More than 4,800 people, many of them college students, have joined the Facebook page in support of the petition, which the Florida Division of Elections recently approved, and Russell said hundreds of students at campuses around the state have agreed to pass petitions. The campaign manager is Joshua Giesegh, a 20-year-old who said he is taking the year off from University of Central Florida to focus on marijuana advocacy. He is also a proponent of legalizing the drug for recreational use.
"I used to be one of those people who believed all the lies about marijuana that you learn in D.A.R.E," an antidrug program offered in schools, Giesegh said in a phone interview. "Then I watched my grandpa die of cancer. He wouldn't eat anything. I don't want anyone else to suffer like that."
People United For Medical Marijuana is not affiliated with national or professional fundraising organizations, and Russell said raising money will be the biggest challenge. She estimates they need up to $5 million for advertising and administrative costs, declining to say how much has been raised so far.
In the drive for signatures, state government leaders could potentially pose a threat, as they have generally grown less tolerant of marijuana. Last year the Legislature voted to strengthen laws against illegal growers. Janes said the tax revenue estimates by the petitioners were overblown and assumed use of the drug would become widespread.
Florida's petition leaves it to the Legislature to decide how to regulate distribution and sale of the drug.

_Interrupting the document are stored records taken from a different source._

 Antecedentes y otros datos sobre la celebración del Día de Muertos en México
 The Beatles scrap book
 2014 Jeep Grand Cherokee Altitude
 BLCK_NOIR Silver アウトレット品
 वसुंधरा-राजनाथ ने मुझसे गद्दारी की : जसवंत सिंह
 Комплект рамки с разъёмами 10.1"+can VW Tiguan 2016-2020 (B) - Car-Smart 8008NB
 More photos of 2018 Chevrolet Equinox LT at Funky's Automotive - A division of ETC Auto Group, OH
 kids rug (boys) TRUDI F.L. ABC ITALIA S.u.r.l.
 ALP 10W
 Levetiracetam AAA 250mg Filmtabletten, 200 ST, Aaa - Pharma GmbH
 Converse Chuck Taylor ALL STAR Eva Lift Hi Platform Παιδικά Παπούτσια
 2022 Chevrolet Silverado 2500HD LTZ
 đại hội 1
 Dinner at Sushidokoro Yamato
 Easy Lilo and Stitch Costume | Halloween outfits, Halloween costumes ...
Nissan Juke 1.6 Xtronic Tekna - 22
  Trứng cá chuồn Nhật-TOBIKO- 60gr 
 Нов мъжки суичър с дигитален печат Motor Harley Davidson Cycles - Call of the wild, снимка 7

While California's bare-bones law has led to what some critics say is overprescription of marijuana, more current laws, such as the one that recently passed in Michigan, have guidelines meant to ensure only the truly ill will be able to get it.
In California, marijuana is sold in private shops called dispensaries. In other states patients with prescriptions for marijuana are required to carry ID cards, and it is only allowed to be grown by the patient or a designated caregiver.
Medically speaking, studies have shown benefits from marijuana, particularly for glaucoma and tremors. It has also been shown to increase appetite and alleviate the nausea caused by cancer treatments.
But the major medical associations have stopped short of endorsing it. The American Medical Association in November reconfirmed its decade-old policy that more research was needed. But it did assign a task force to take a closer look.
Dr. Jameel Audeh, a Sarasota oncologist, said back in 1985 when he was in training, marijuana was one of the best ways to relieve nausea in cancer patients. But now there are legal drugs he said work as well, including a legalized pill containing a synthetic version of the ingredient found in marijuana, THC. The potential health problems caused by marijuana, such as lung damage, outweigh the need for it, Audeh said.
"For cancer patients, this would only be needed for a very narrow group, if anyone, and I'm not sure that justifies making it legal because of all the other problems it would cause," Audeh said.
A terminally ill cancer patient in Sarasota, who asked not to be identified because he does not want to be targeted by police, believes marijuana has kept him alive two years longer than doctors expected. He does not grow it himself because of the risk of getting caught.
Instead he relies on gifts from friends or dealers who charge up to $100 a week. Mainly the drug helps with his mood and appetite, he said. The cancer started in his esophagus and spread to his lungs, stomach and liver. When smoking marijuana became painful because it made him cough, a friend made a vaporizer from a heat gun and a plastic bag.
"Cancer is a fight against appetite and keeping weight on," he said in an interview at his home. "If you can keep the weight on you can stay alive longer."
To anyone who thinks it should be illegal, he urges compassion. He is 61 and has two children. At just over 5-foot-10, he weighs only 145 pounds.
"It gives me a quality of life I wouldn't have without it."